### Problem details
Wherever the word "image" occurs in the listing below, copy that whole line.

---- Records shown

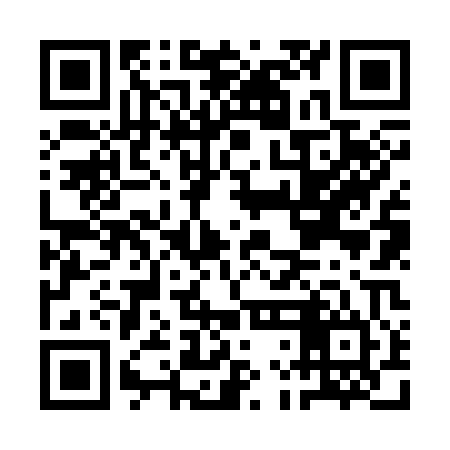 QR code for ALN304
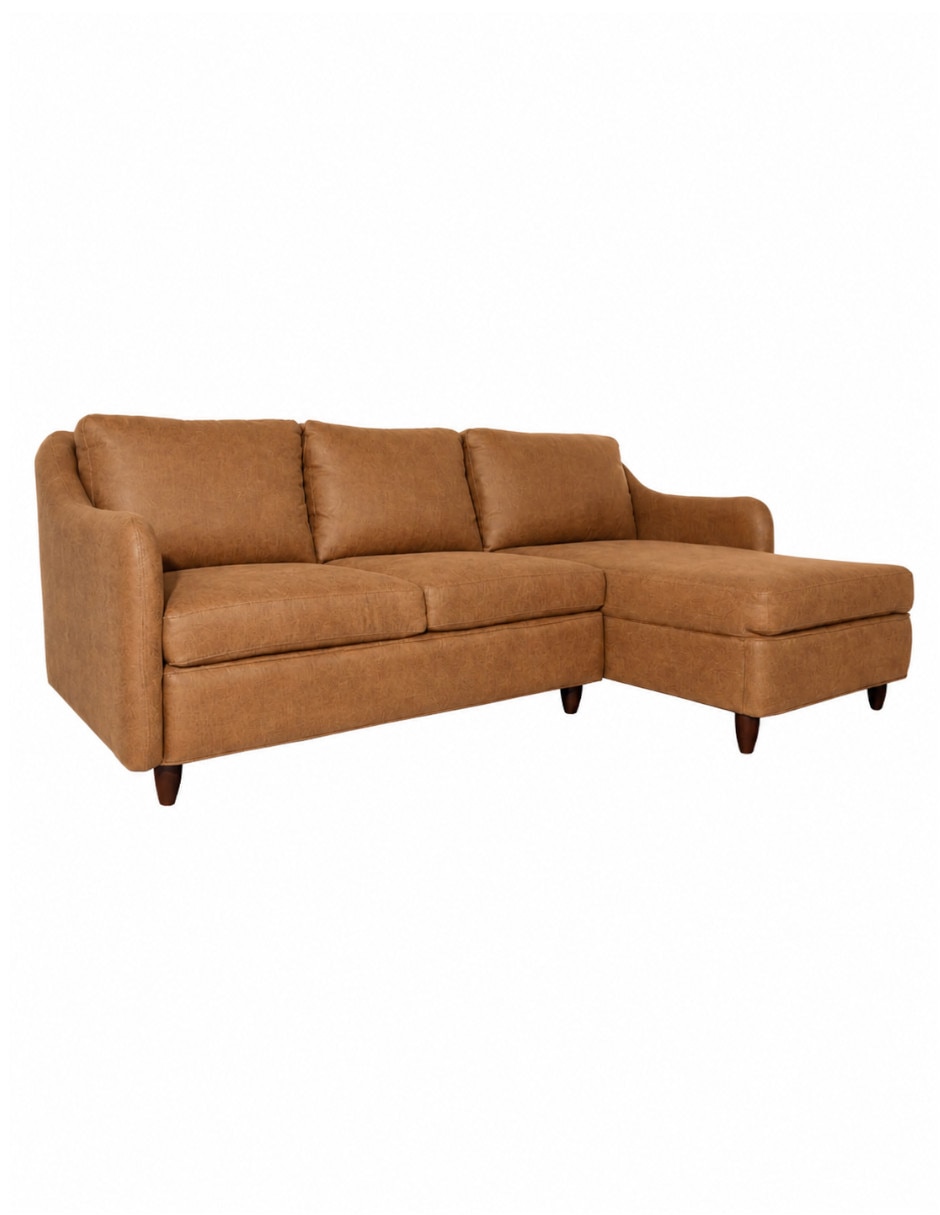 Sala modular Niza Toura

--------
---- Records shown

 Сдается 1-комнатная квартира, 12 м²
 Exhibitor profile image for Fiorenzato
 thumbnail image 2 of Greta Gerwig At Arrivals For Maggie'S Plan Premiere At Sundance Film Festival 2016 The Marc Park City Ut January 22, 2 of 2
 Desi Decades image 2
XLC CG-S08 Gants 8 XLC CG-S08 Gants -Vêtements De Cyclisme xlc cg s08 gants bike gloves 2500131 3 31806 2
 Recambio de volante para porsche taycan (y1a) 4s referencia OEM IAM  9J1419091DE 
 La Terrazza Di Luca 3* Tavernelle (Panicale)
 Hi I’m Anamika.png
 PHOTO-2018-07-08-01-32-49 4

--------

### Response to this task
 Exhibitor profile image for Fiorenzato
 thumbnail image 2 of Greta Gerwig At Arrivals For Maggie'S Plan Premiere At Sundance Film Festival 2016 The Marc Park City Ut January 22, 2 of 2
 Desi Decades image 2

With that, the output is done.